Film Review: The Magnificent Seven
Photograph courtesy of Sony Pictures Entertainment
Let’s just get this out of the way off the bat: there is no better version of this story than the original, original version—Akira Kurosawa’s 1954 masterpiece Seven Samurai. Six years later, John Sturges made a genuinely entertaining Hollywood remake, The Magnificent Seven, but it doesn’t hold a candle to what came before it. In 1998, I sat down to watch Pixar’s second feature, A Bug’s Life and recognized the framework almost immediately as that of the Kurosawa piece, reworked to a large degree, but unmistakable. And now we get director Antoine Fuqua’s (Training Day, The Equalizer, Olympus Has Fallen) fairly faithful take on the Westernized The Magnificent Seven, the story of a small community overrun by rich, powerful people who would seek to do them harm, who hire a band of seven misfits to protect them and make a last stand for the town’s survival.
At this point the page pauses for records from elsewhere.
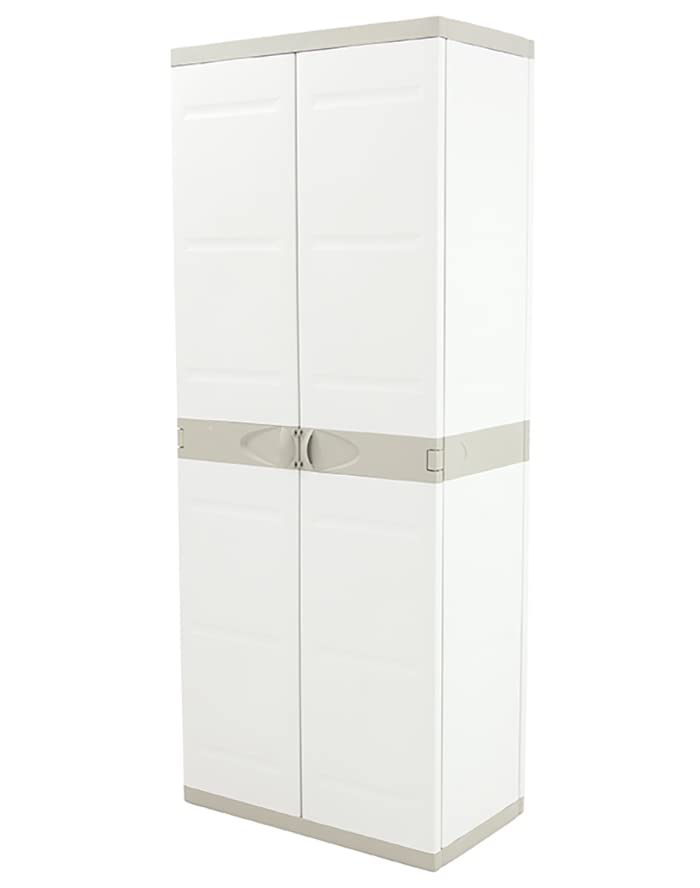 PEGANE Armoire Haute Meuble de Rangement 2 Portes intérieur/extérieur Coloris Beige - Longueur 70 x Profondeur 41 x Hauteur 176 cm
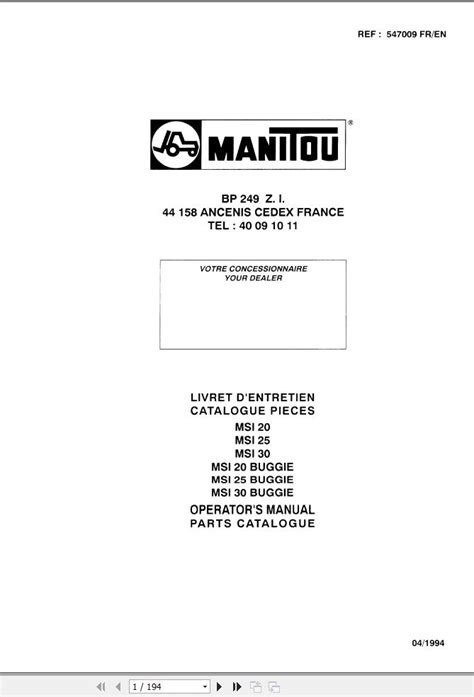 Manitou Forklift MSI20 To MSI30 BUGGIE Operator Parts Manual 547009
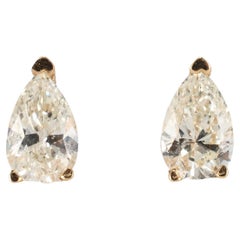 Ladies 14K Yellow Gold 0.44ct Pear Shape Diamond Stud Earrings
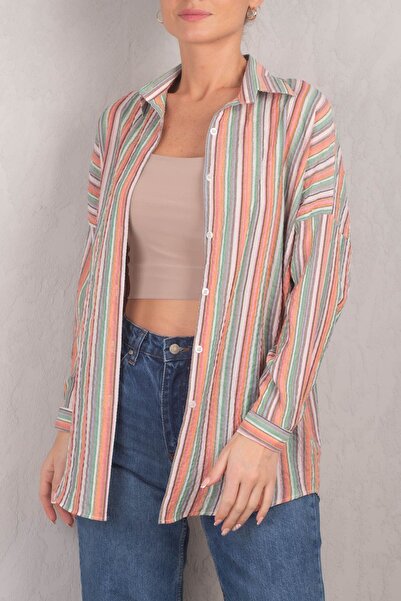 armonika Ženska svetlo roza prugasta široka osnovna košulja ARM-24K001061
The film opens as it closes—violently. The mining town of Rose Creek has come under the control of industrialist Bartholomew Bogue (Peter Sarsgaard) whose men interrupt a meeting in the town’s one church and start randomly shooting down the locals and setting fire to the house of worship. Knowing the townspeople don’t have the training or numbers to beat the company men, Emma Cullen (Haley Bennett) heads out looking to hire any competent gunslinger to protect Rose Creek, after her husband (Matt Bomer) is shot dead in the street. She first locates a bounty hunter named Sam Chisolm (Denzel Washington, in his first Western), who in terms seeks out certain known quantities, while stumbling upon lesser-known hired guns, to form a small army to not only defend the town but teach the locals how to fight as well.
Photograph courtesy of Sony Pictures Entertainment
The resulting seven are about as diverse and interesting as any film ensemble has been of late, and includes Chris Pratt as drunken gambler Josh Faraday; Ethan Hawke as Chisolm’s old pal Goodnight Robicheaux, who is accompanied by his constant companion Billy Rocks (the great South Korean actor Byung-hun Lee, from I Saw the Devil, The Good, the Bad, the Weird, and both G.I. Joe movies), whose weapons of choice are silvery knives; Manuel Garcia-Rulfo as the Mexican outlaw Vasquez; Vincent D’Onofrio as old-timer Jack Horne (something of a blend of Walter Brennan and Santa Claus); and Martin Sensmeir as the Native American Red Harvest, with his deadly bow-and-arrow and terrifying face paint.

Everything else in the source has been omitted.